A few months ago a major study on day care was published in Developmental Psychology which supposedly found no difference in the development of "children who mothers were employed versus children whose mothers were not employed." This latest revelation was supposed to make working mothers feel better about their decision to put their child in day care. In fact, the author of the study (Elizabeth Harvey) said, "Working mothers have a lot of guilt. I hope this study will alleviate some of that guilt."
At the time, many (including me) had questions about the study and wondered if the researchers considered all the data. Now a few months later, it appears that those initial concerns were justified.
For example, the study doesn't distinguish between various child-care arrangements, and seems to fly in the face of common sense. As one commentator put it, "Yuppies who believe class size is crucial to learning and that they can increase their children's IQ by playing Mozart in the nursery think leaving newborns with strangers for 8 to 10 hours a day has no negative impact."

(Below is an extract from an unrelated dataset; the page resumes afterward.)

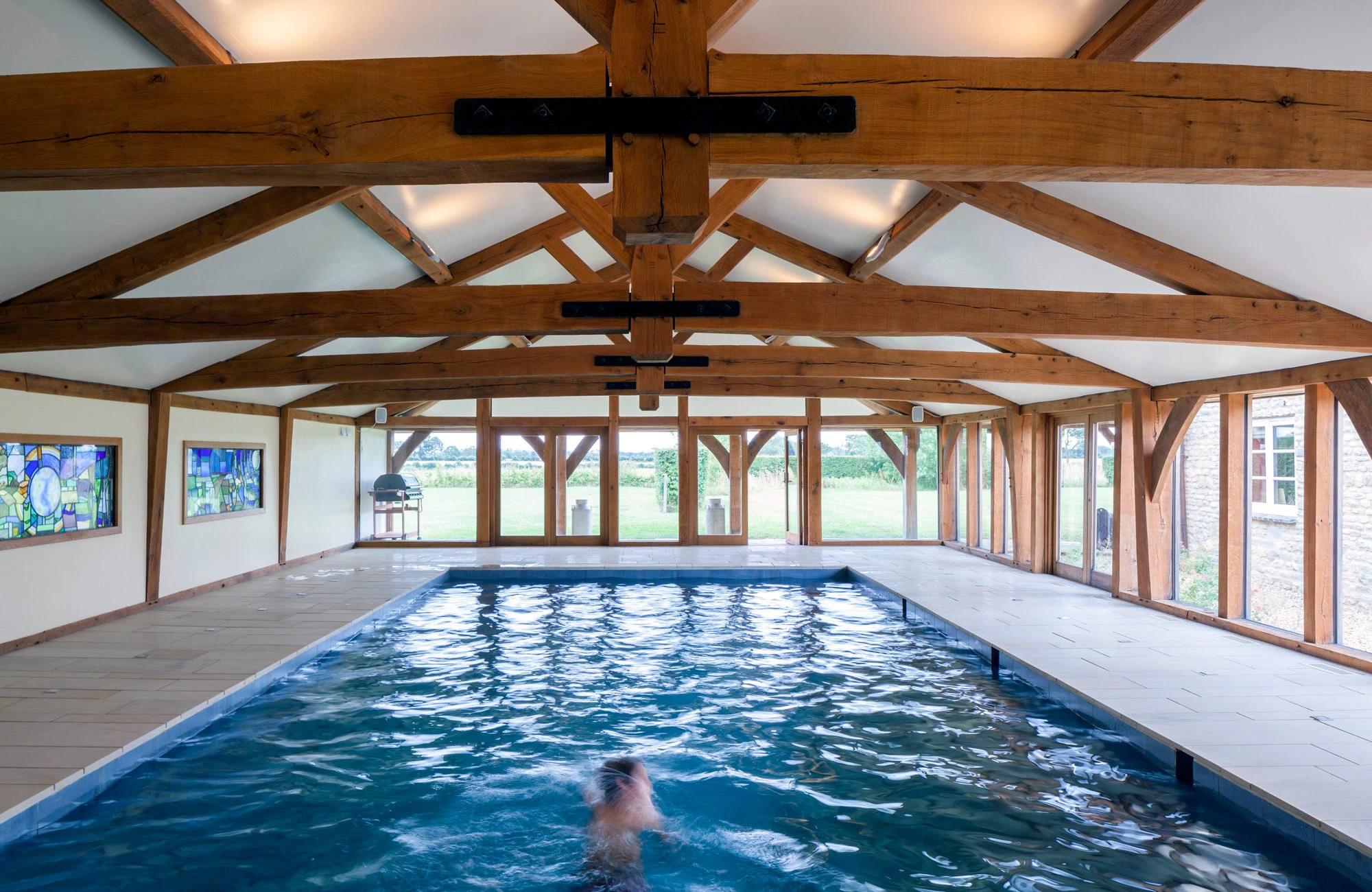 Internal view of a swimming pool with a structural timber frame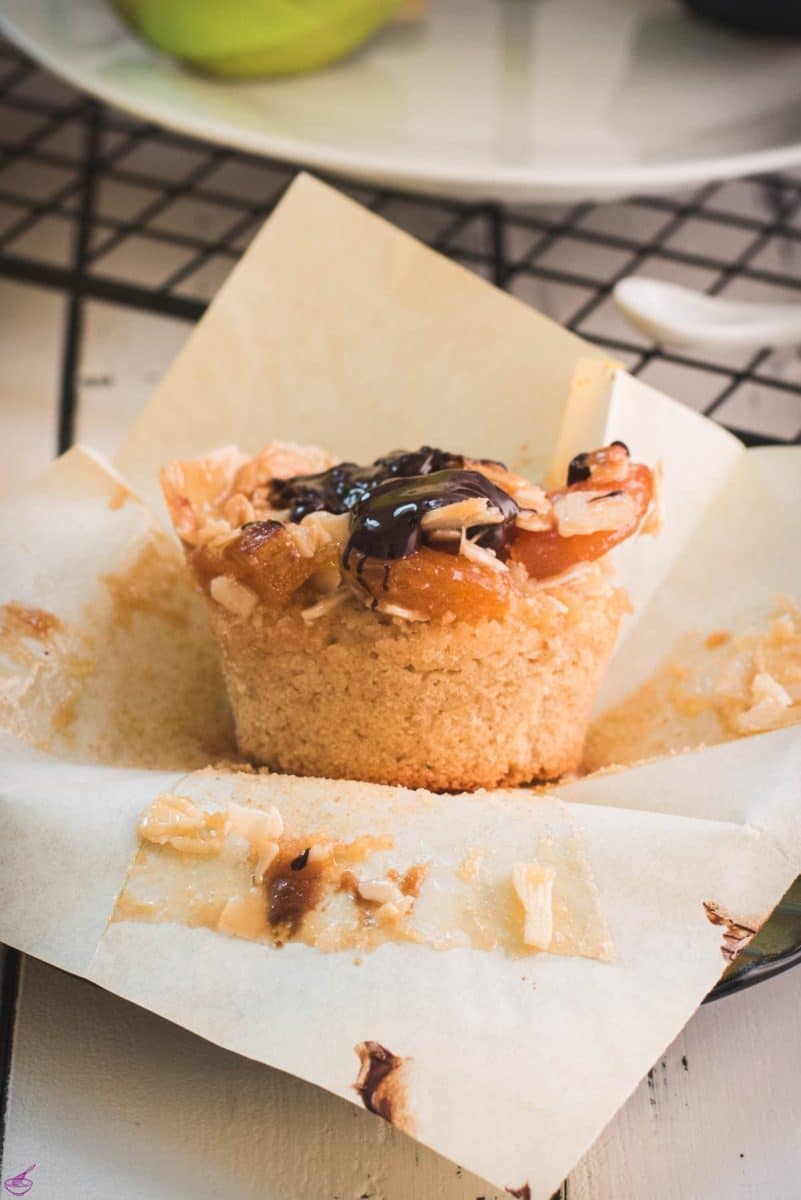 Delicious dried apricot breakfast muffins, with homemade caramel topping, sprinkled with melted chocolate after baking.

Karl Zinsmeister, writing in the American Enterprise, quoted a letter from a mother with a master's degree in social psychology. "What I saw broke my heart. Babies were lined up, six in a row, crying, waiting for their meals. Toddlers were still in their cribs, some with tear-stained cheeks . . . with looks of having given up hope of personal attachment a long time ago."
Significantly, the study also stopped with 12-year-olds, just before the teen years when emotional problems created by early separation from mothers begin to surface. In attempting to alleviate the guilt of working mothers, I believe the study ignored valid concerns about the emotional needs of children placed in day care.
I'm Kerby Anderson of Probe Ministries, and that's my opinion.